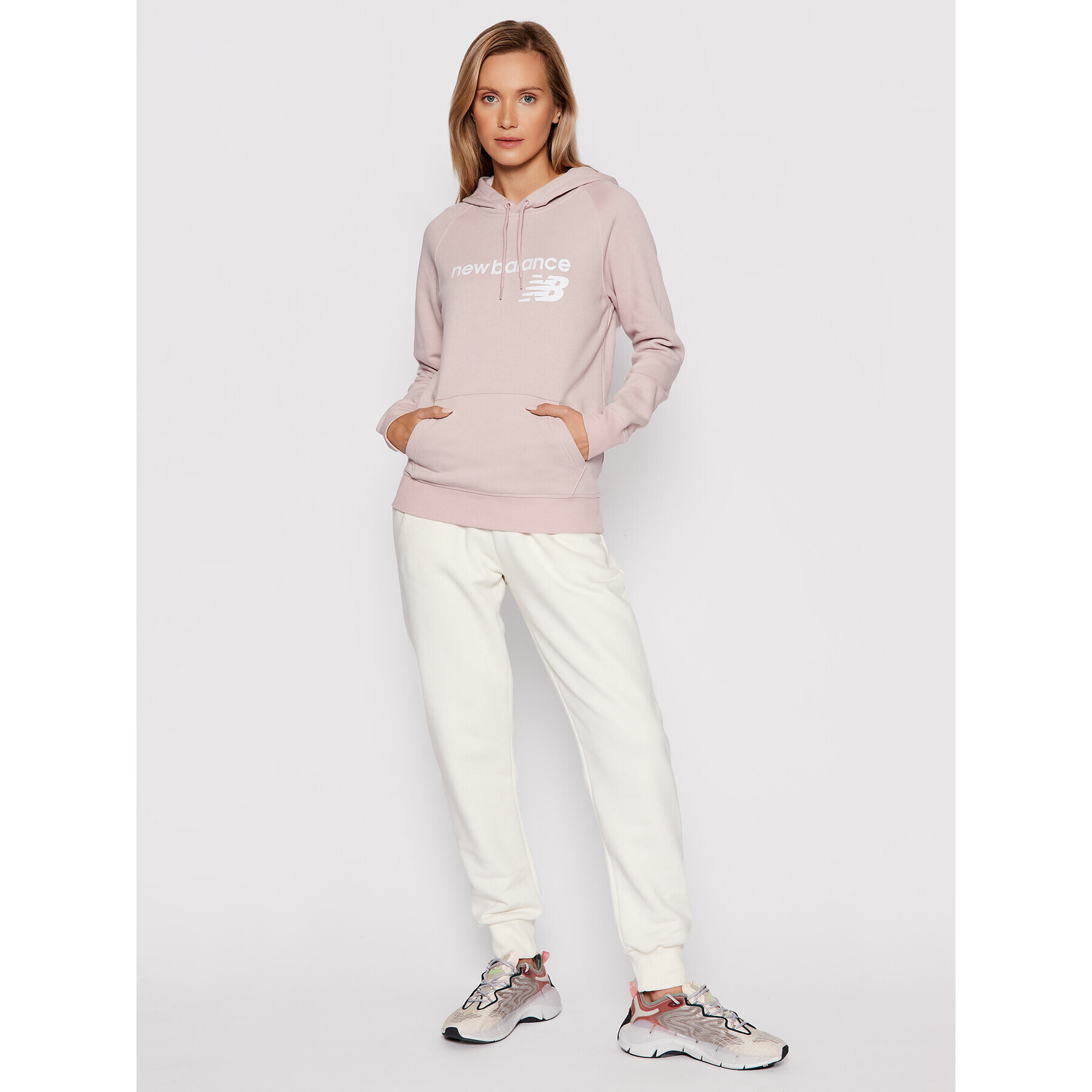 New Balance Mikina Classic Core Fleece WT03810 Růžová Relaxed Fit - Pepit.cz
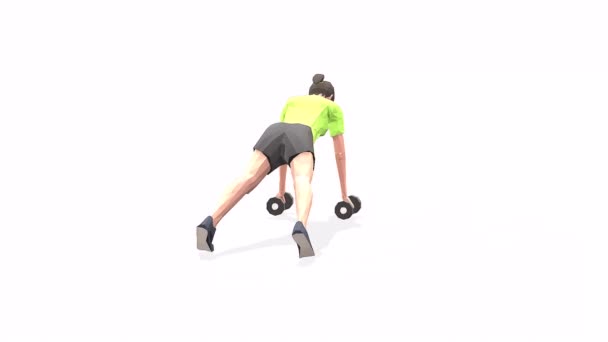 排行妇女在黄色T恤的白色背景上锻炼动画3D模型 低波莉风格 — 图库视频影像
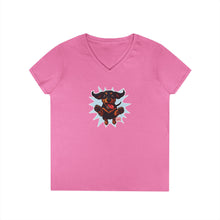 Load image into Gallery viewer, Vibrant Ladies' V-Neck T-Shirt with Happy Dachshund Design, Casual Wear, Gift for Her, Fun Graphic Tee, Everyday Comfort
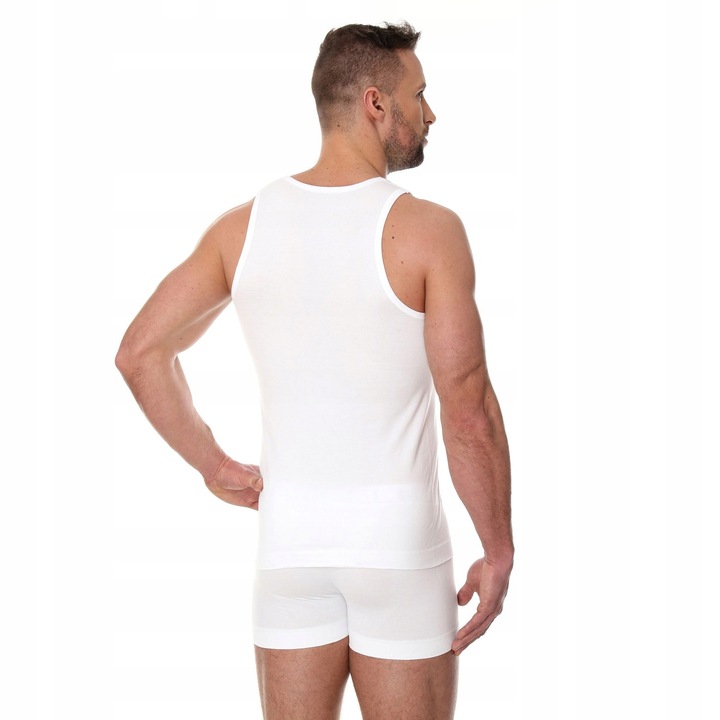 BRUBECK męska PODKOSZULKA na ramiączkach podkoszulek BAWEŁNA BIAŁA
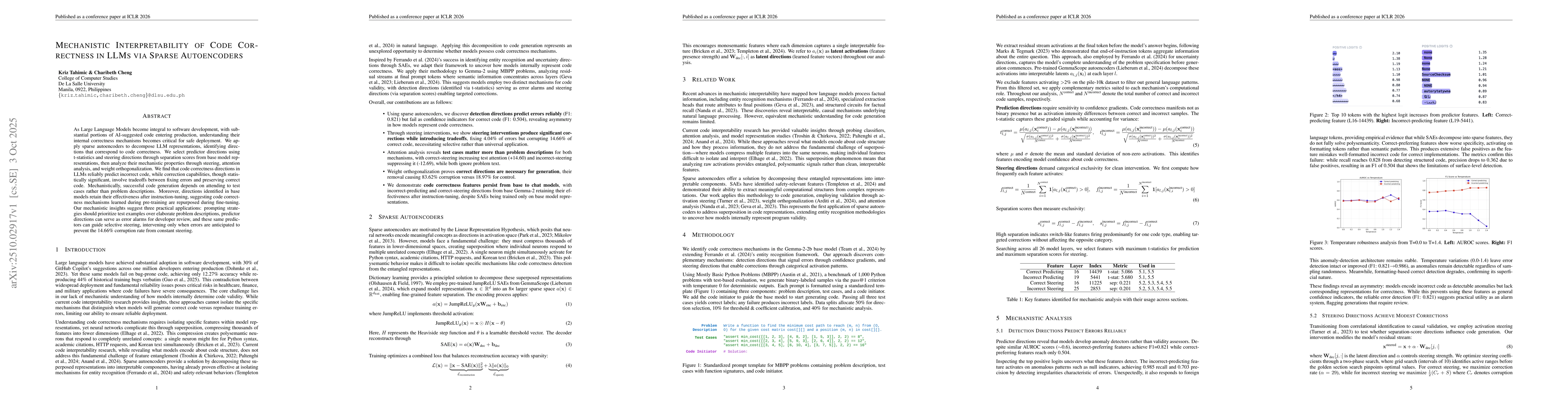 Thumbnail for Mechanistic Interpretability of Code Correctness in LLMs via Sparse
  Autoencoders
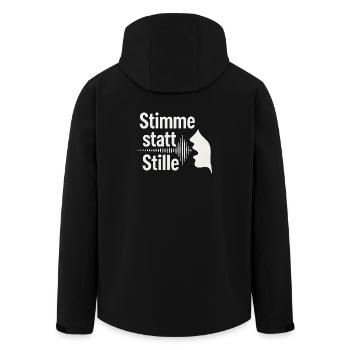 Stimme statt Stille Meinungsfreiheit Spruch - Recycelte Männer Softshell-Jacke von Stanley/Stella - Schwarz - Hinten - AI Model Male 185 light (185cm)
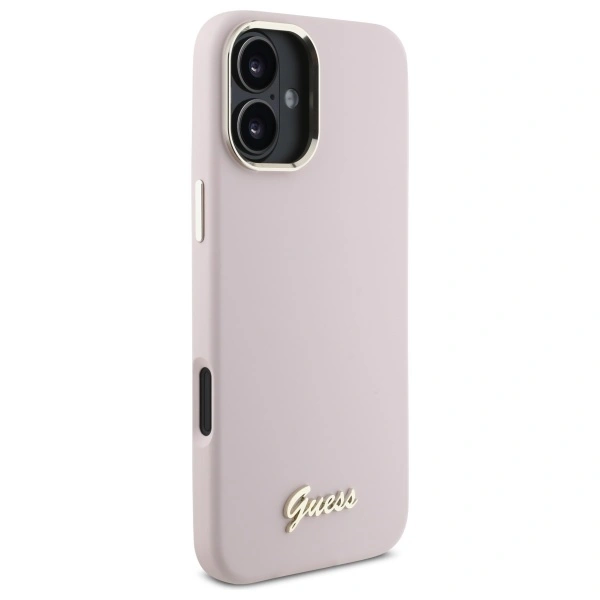 Guess GUHCP16MSMBSLP Apple iPhone 16 Plus hardcase Silicone Script Metal Logo & Frame pink
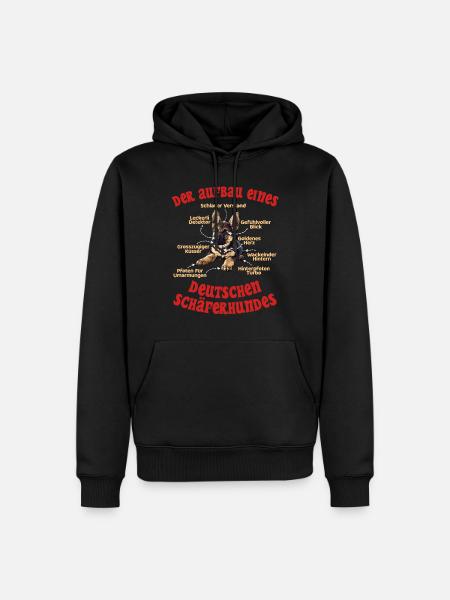 DEUTSCHER SCHÄFERHUND AUFBAU Deutsche Schäferhunde - Männer Premium Bio Hoodie - Schwarz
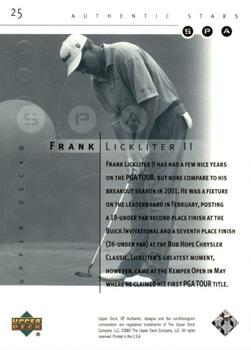 2001 Upper Deck - SP Authentic Preview #25 Frank Lickliter II Back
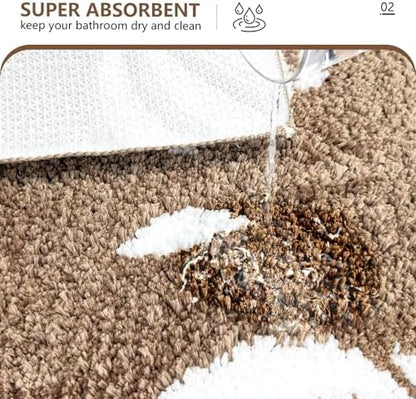 APROPHIC Fall Pumpkin Bath Mats for Bathroom, Thanksgving Super Absorbent Non-Slip Microfiber Shaggy Bath Rugs, Autumn Bathroom Mat for Shower, Tub, Sink, Machine Washable, 17x24 in, Light Brown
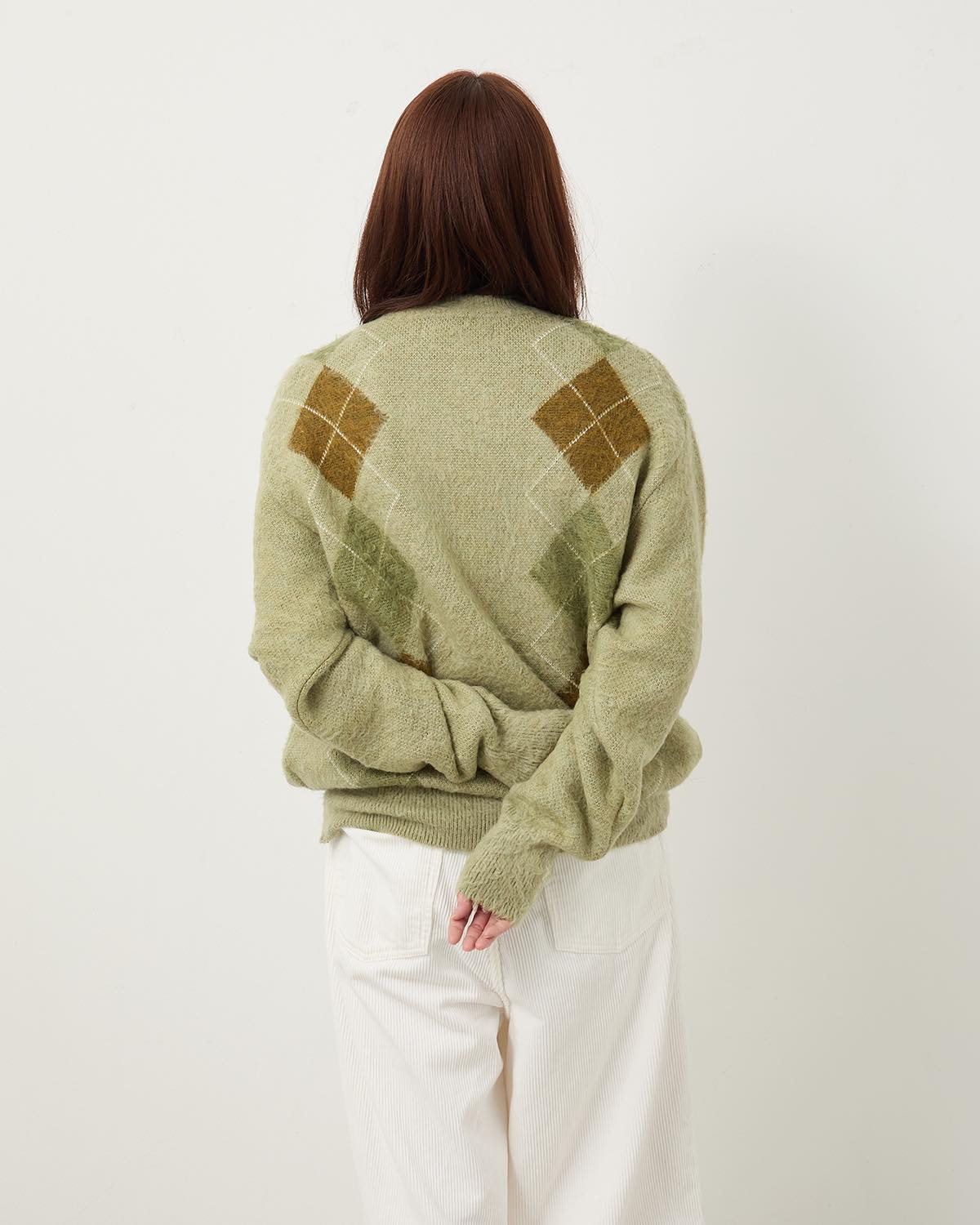 7G WOOL JACQUARD ARGYLE CREW CARDIGAN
+++
**EXERCISE:**
Reproduce the opening lines of the material above exactly, ending with the line that contains "Autoencoders". Omit every picture.

**ANSWER TO THE PROBLEM:**
 New Balance Mikina Classic Core Fleece WT03810 Růžová Relaxed Fit - Pepit.cz
 排行妇女在黄色T恤的白色背景上锻炼动画3D模型 低波莉风格 — 图库视频影像
 Load image into Gallery viewer, Vibrant Ladies' V-Neck T-Shirt with Happy Dachshund Design, Casual Wear, Gift for Her, Fun Graphic Tee, Everyday Comfort
 BRUBECK męska PODKOSZULKA na ramiączkach podkoszulek BAWEŁNA BIAŁA
 Thumbnail for Mechanistic Interpretability of Code Correctness in LLMs via Sparse
  Autoencoders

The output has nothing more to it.